• _Problem to solve_
When you reach the line containing "Anayasa Mahkemesi'ne sürpriz düzenleme", start transcribing exactly and continue through the last line of the data, skipping every picture.

Segment Start: Records for the task

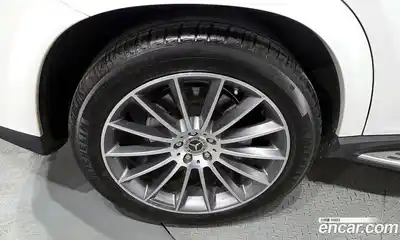 Mercedes-Benz GLE-Class 2023 3.0 Автомат в Москве № 179567, миниатюра 2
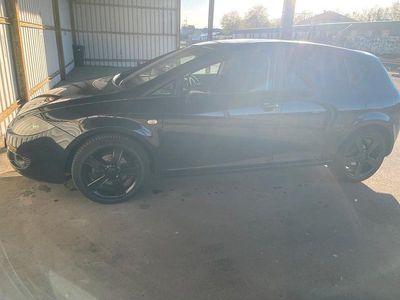 Usata Seat Leon 102 CV (75 kW) 2006 Nero Utilitaria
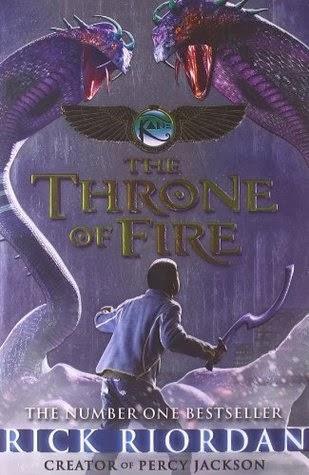 La vuelta al mundo literario #7: El trono de Fuego (Crónicas de Kane #2)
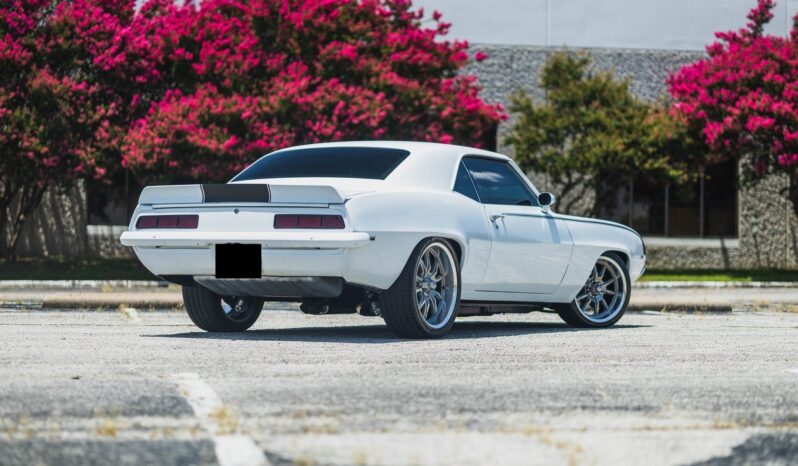 
								1969 Chevrolet Camaro LS3 Custom Restomod full									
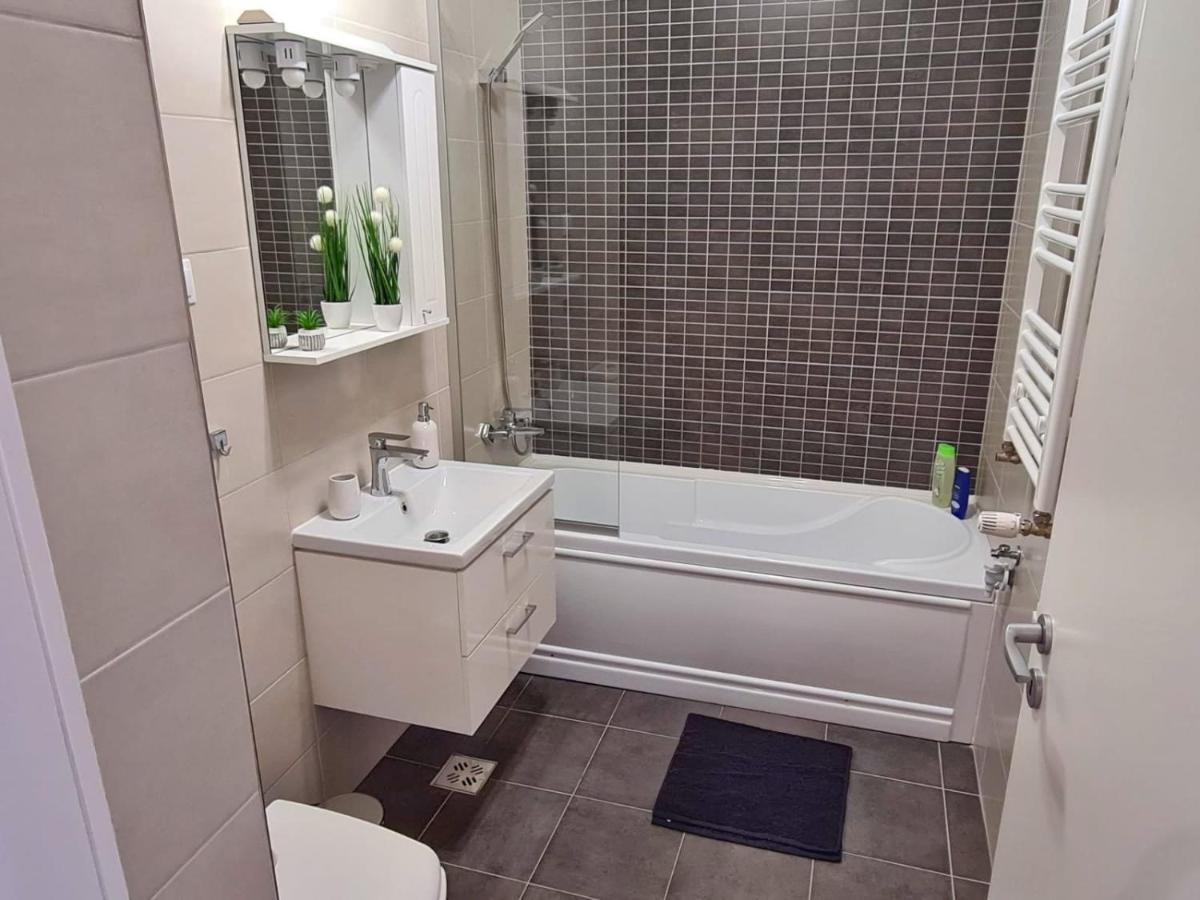 Skyblue Central Apartment - 2 Bedrooms & Free Parking Oradea Eksteriør billede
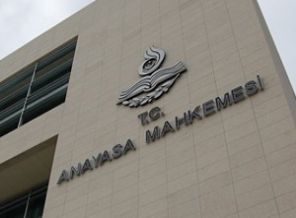 Anayasa Mahkemesi'ne sürpriz düzenleme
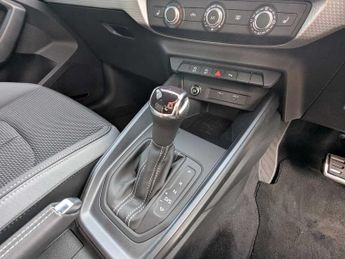 Audi A1 Sportback S line 25 TFSI  95 PS S tronic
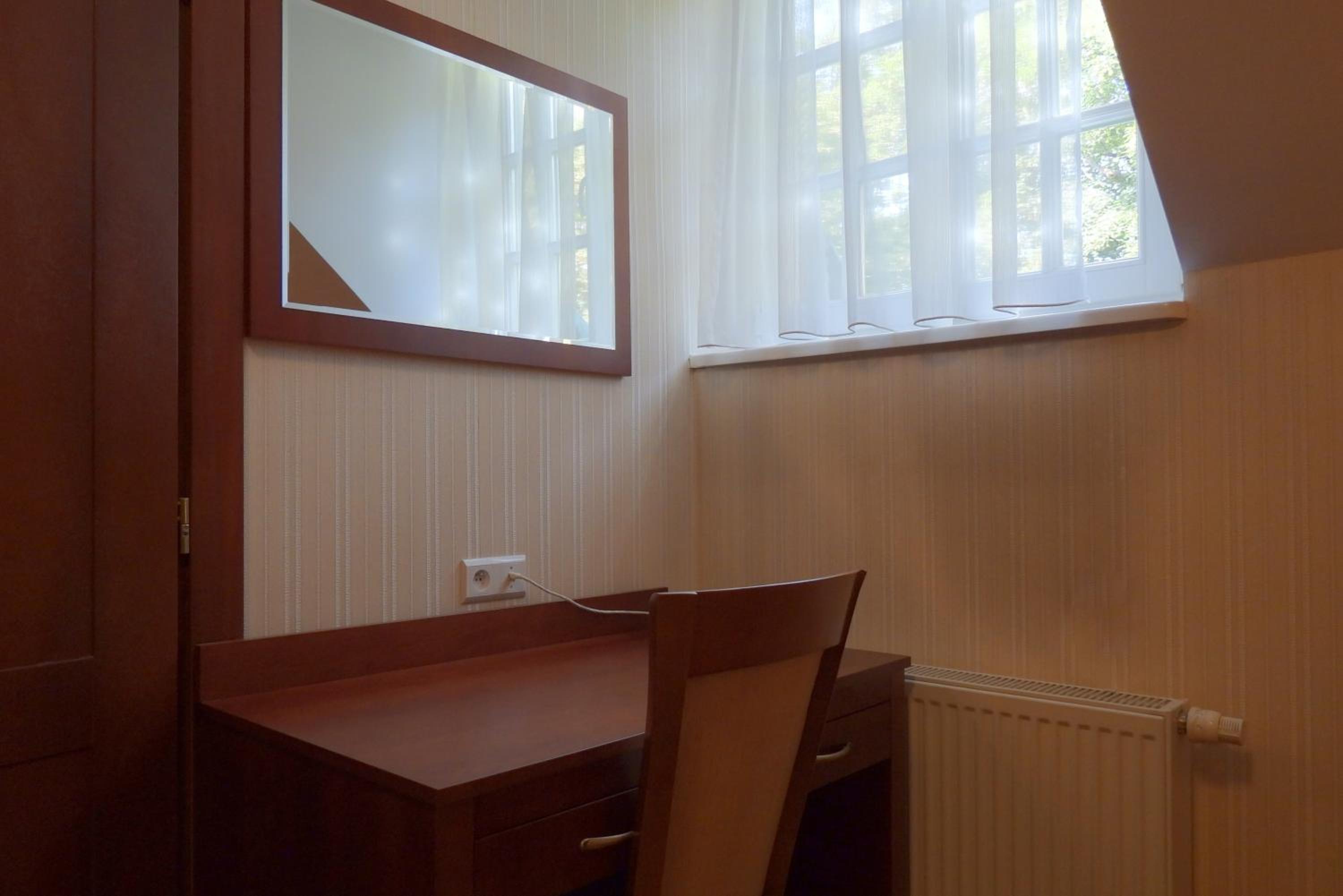 Single Room with Private Bathroom photo 2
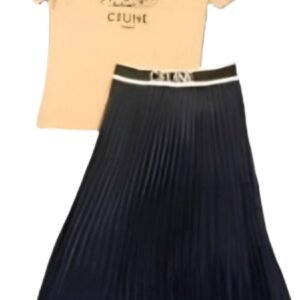 Chic Two Pieces Set Long Pleated Skirt & T-Shirt Set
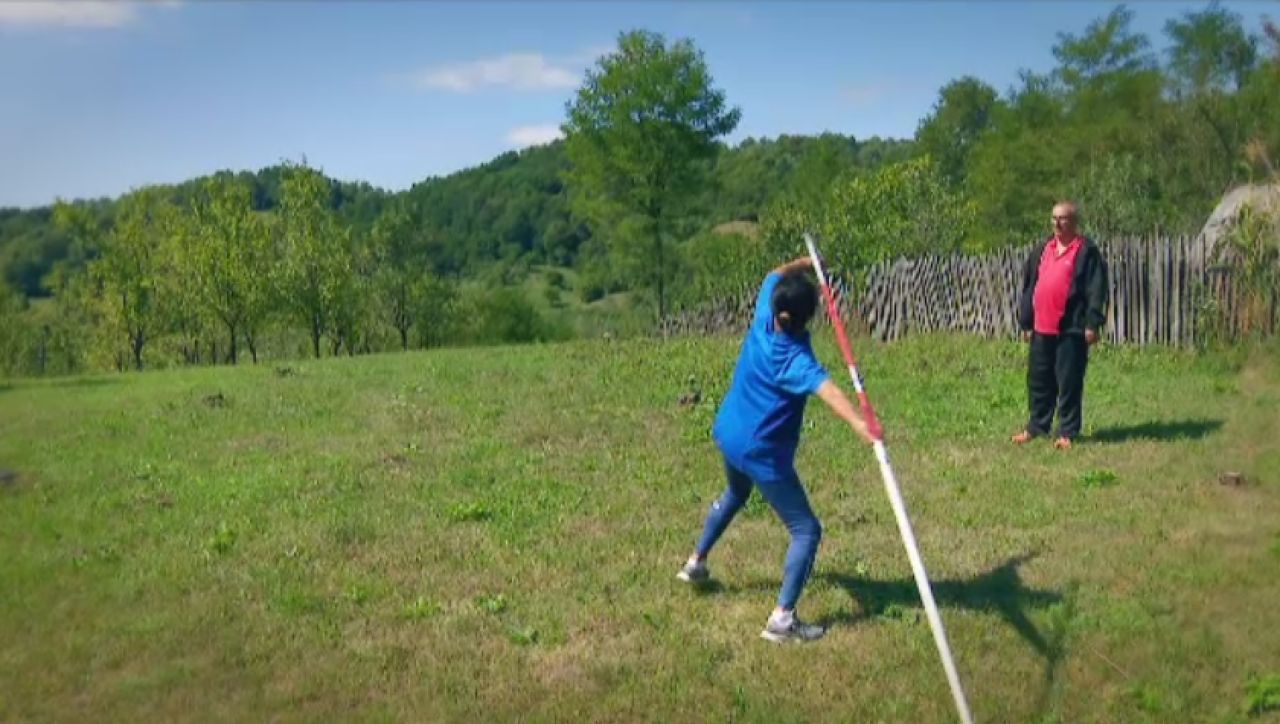 Super poveste! Ambitie fara limite: o romanca si-a improvizat in curte o baza sportiva si a iesit CAMPIOANA MONDIALA_7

Segment End: Records for the task

• _Output below_
 Anayasa Mahkemesi'ne sürpriz düzenleme
 Audi A1 Sportback S line 25 TFSI  95 PS S tronic
 Single Room with Private Bathroom photo 2
 Chic Two Pieces Set Long Pleated Skirt & T-Shirt Set
 Super poveste! Ambitie fara limite: o romanca si-a improvizat in curte o baza sportiva si a iesit CAMPIOANA MONDIALA_7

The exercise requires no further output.